Exhibit A: my AGL electricity bill. Jimmy Packer's little mates force AGL to include on the front page in prominent red type the claim that “the federal carbon tax and green energy schemes add about $316 a year to the typical household bill”.

No estimate of how much NSW schemes and dud policies add to the bill of course – let's just point in the other direction and run away.

More importantly, while the government is forcing AGL to feed me selective political information, it doesn't make AGL print on the bill just when it charges me peak, off-peak and shoulder tariffs, i.e. something useful.

Oh, page three of three in the small print informs me that I pay 47.77¢ per kWh, 19.4¢ per kWh for shoulder tariff and just 11.9¢ for off peak, but nowhere is there anything as useful as exactly when is peak, off-peak and shoulder.

For anyone concerned about their electricity bill, this is important information.
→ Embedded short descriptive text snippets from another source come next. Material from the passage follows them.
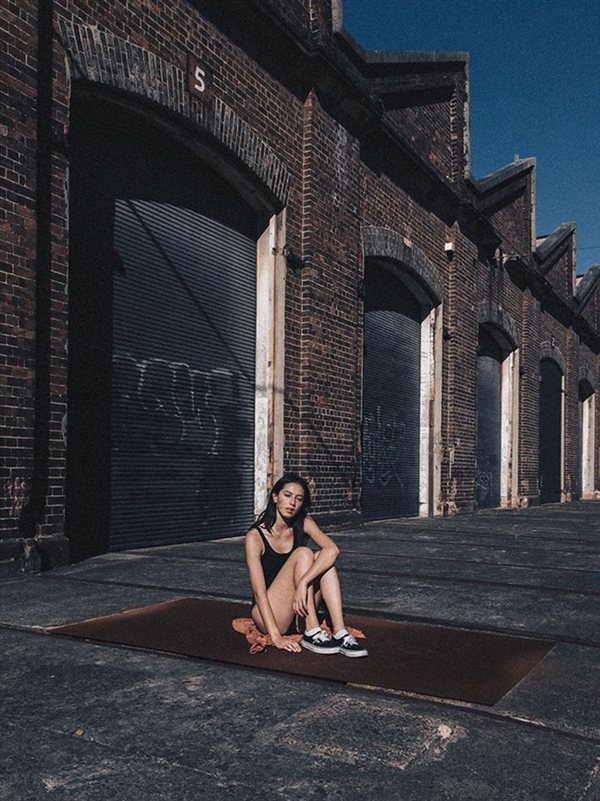 ����д������iPhone 6����� ���Ѳ�����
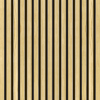 licht-eiken-beige-akuapanel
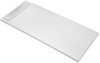 Душевой поддон Jacob Delafon Flight Neus 120x80х4 см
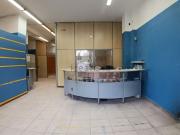 Locale in vendita di 150 m² in Via Archita da Taranto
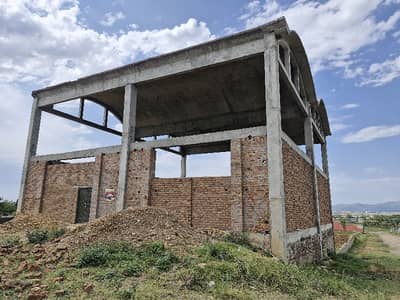 3300 Sq Ft Factory Available For Rent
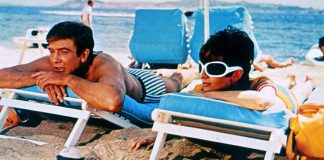 Phoenix Agneessens, 3e prix du concours de la jeune critique du FEMA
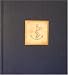 The Doubleday 100th Birthday Reader: 1897-1997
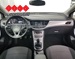 OPEL ASTRA 1,6 DTC ENJOY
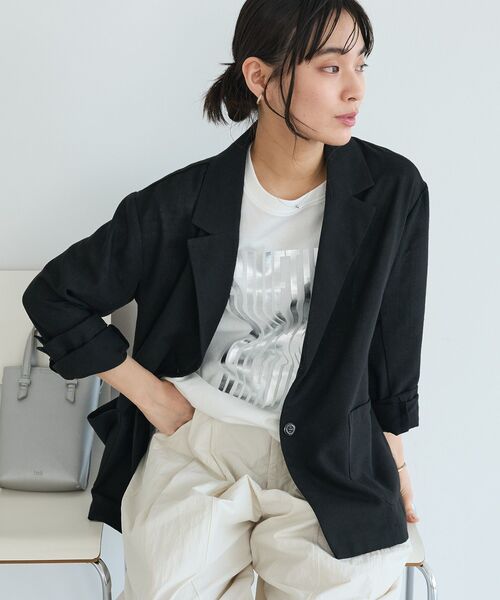 CRAFT STANDARD BOUTIQUE（クラフトスタンダードブティック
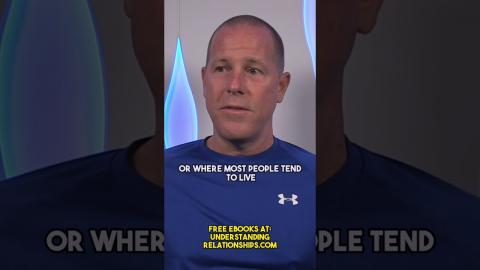 Stop Neglecting The Present While Thinking About The Past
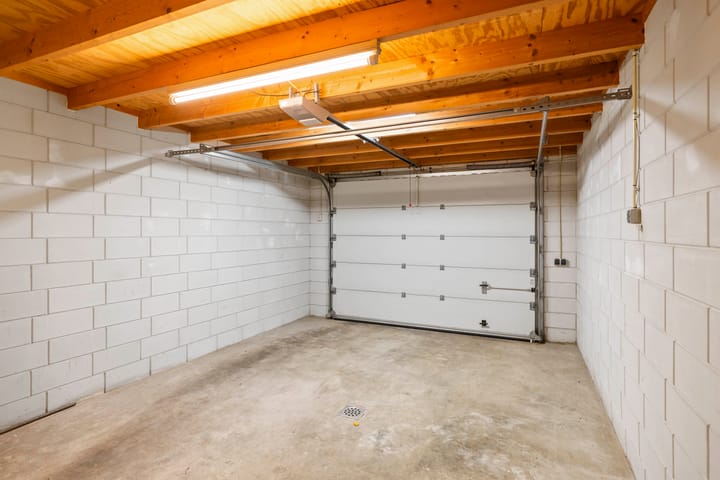 Photo 44 of Burgemeester Bloemersstraat 59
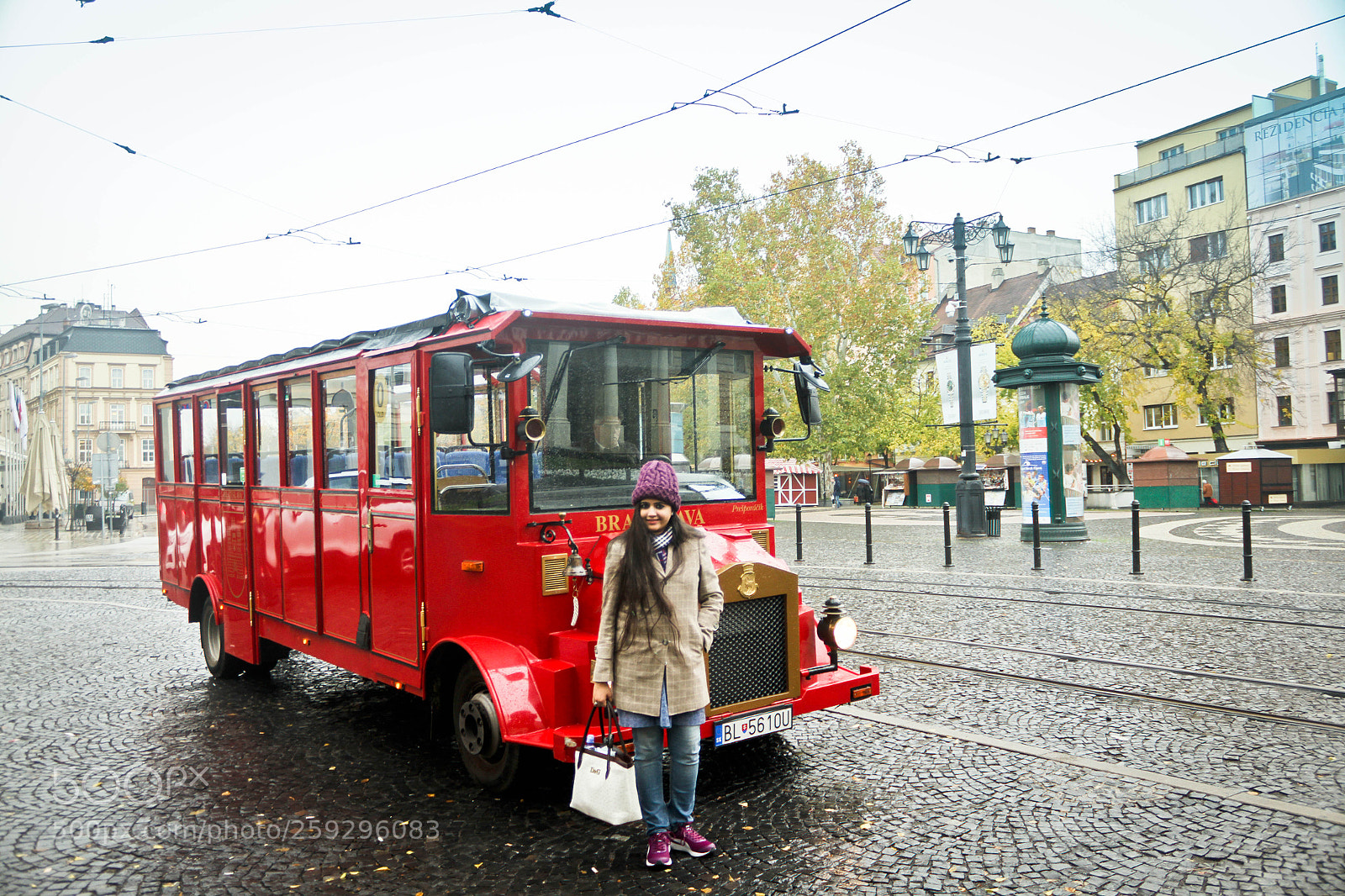 Canon EOS 7D sample photo. 689.jpg photography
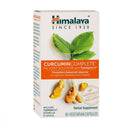 Himalaya CurcuminComplete 60 vcaps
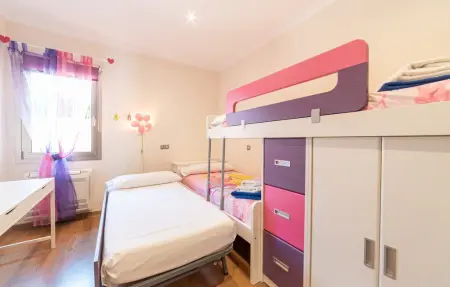 Es Velar, Maison 8 personnes à Binissalem - Photo 43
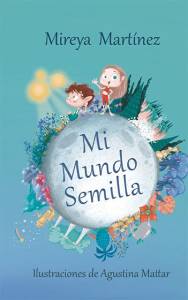 mi-mundo-semilla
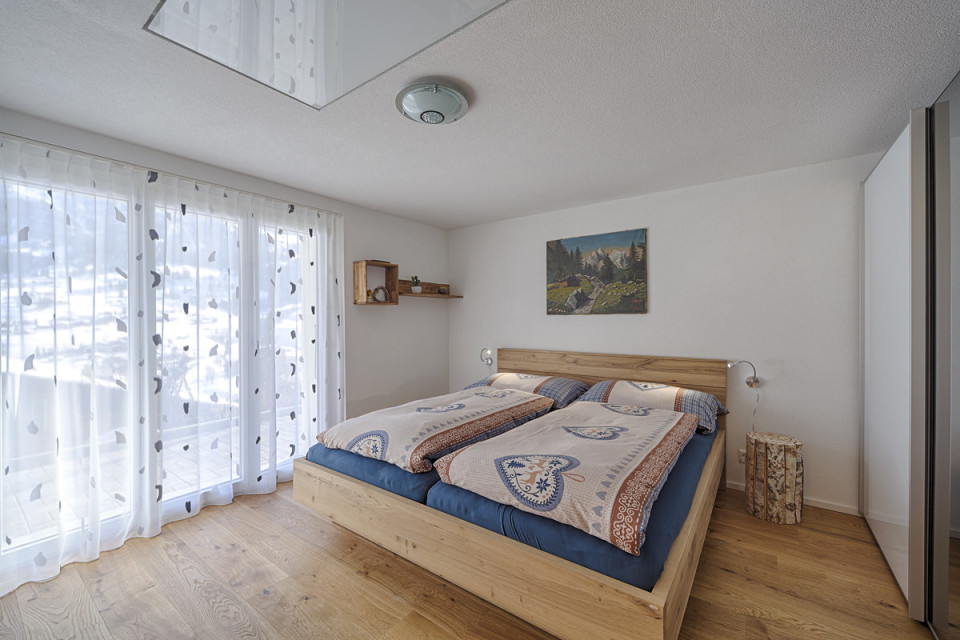Ferienwohnung-Fotograf-MAMO-photography-Interlaken-014 Fotograf-Hotelfotografie-Hotelfotograf-Interior-MAMO-Photography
For example, a pool pump can allegedly use more energy than your clothes dryer, washing machine and dish washer combined, so there are some serious pennies adding up if you run said pool pump between the hours of 10pm and 7am instead of 2 and 8pm. Running in peak hours costs 301 per cent more.

It took more than 10 minutes on the phone today to find out from AGL when the peak, off-peak and shoulder periods are. Apparently that information was in the original waffle pack when a timed meter was installed back whenever. As an average sort of consumer, I'd bet plenty of people don't know.

And that suits AGL and the NSW government just fine – they make more money that way.

Michael Pascoe is a BusinessDay contributing editor.